La vicenda di Olivelli, che la causa di beatificazione ha contribuito a far conoscere più diffusamente, è paradigmatica di quelle che furono le aspirazioni e i sogni di una generazione travolta dalla tragedia della guerra. E la sua figura, che per diversi tratti ricorda quella del beato Pier Giorgio Frassati, si colloca tra le più luminose della gioventù cattolica italiana della prima metà del ’900.
Olivelli nasce a Bellagio (Como) il 7 gennaio 1916, ma la sua famiglia si trasferisce presto nei luoghi di origine, in Lomellina, prima a Zeme poi a Mortara. Profonda è l’influenza su di lui di uno zio sacerdote, monsignor Rocco Invernizzi. Nel 1938 si laurea in giurisprudenza a Pavia, dove a soli 27 anni è rettore del Collegio universitario Ghisleri. Diviene assistente di diritto amministrativo all’Università di Torino e nel 1939 vince a Trieste la prestigiosa competizione dei Littoriali. Tutto lascia intravedere una brillante carriera accademica o professionale di un giovane che è anche fortemente impegnato nell’Azione cattolica, nella Fuci e nella società San Vincenzo de Paoli, visitando e accudendo i malati tubercolotici terminali. Nel 1942 parte volontario per la campagna di Russia come sottotenente della Divisione Tridentina. Sopravvissuto alla disfatta, al ritorno, dopo l’armistizio del 1943, aderisce alle Fiamme Verdi. Nel marzo 1944 è fra i promotori del giornale clandestino ‘Il Ribelle’, e sui Quaderni del Ribelle esce la sua famosa preghiera «Signore facci liberi».
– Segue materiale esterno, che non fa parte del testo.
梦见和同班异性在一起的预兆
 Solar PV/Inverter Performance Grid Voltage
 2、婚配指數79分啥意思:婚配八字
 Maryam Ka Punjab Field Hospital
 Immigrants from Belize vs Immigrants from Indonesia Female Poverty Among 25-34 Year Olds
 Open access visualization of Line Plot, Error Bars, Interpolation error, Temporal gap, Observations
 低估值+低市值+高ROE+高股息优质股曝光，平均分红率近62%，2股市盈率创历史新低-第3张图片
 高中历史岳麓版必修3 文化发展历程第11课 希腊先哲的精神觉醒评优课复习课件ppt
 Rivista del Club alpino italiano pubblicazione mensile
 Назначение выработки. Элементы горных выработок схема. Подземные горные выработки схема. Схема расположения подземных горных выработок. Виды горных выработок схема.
Una militanza clandestina che termina con l’arresto a Milano, dove viene torturato e poi deportato in Germania. Nei lager di Flossenburg e di Hersbruck dà prova di una carità eroica assistendo i compagni prigionieri. «Una personalità cristiana spiccata e solida; un confessore martire della coscienza morale cristiana, caratterizzato da un amore assoluto per la verità e la giustizia; un testimone autorevole dell’impegno dei cattolici italiani nella società. La sua beatificazione risvegli i cattolici italiani bisognosi di ritrovare le loro migliori radici anche sul versante della testimonianza nel sociale ».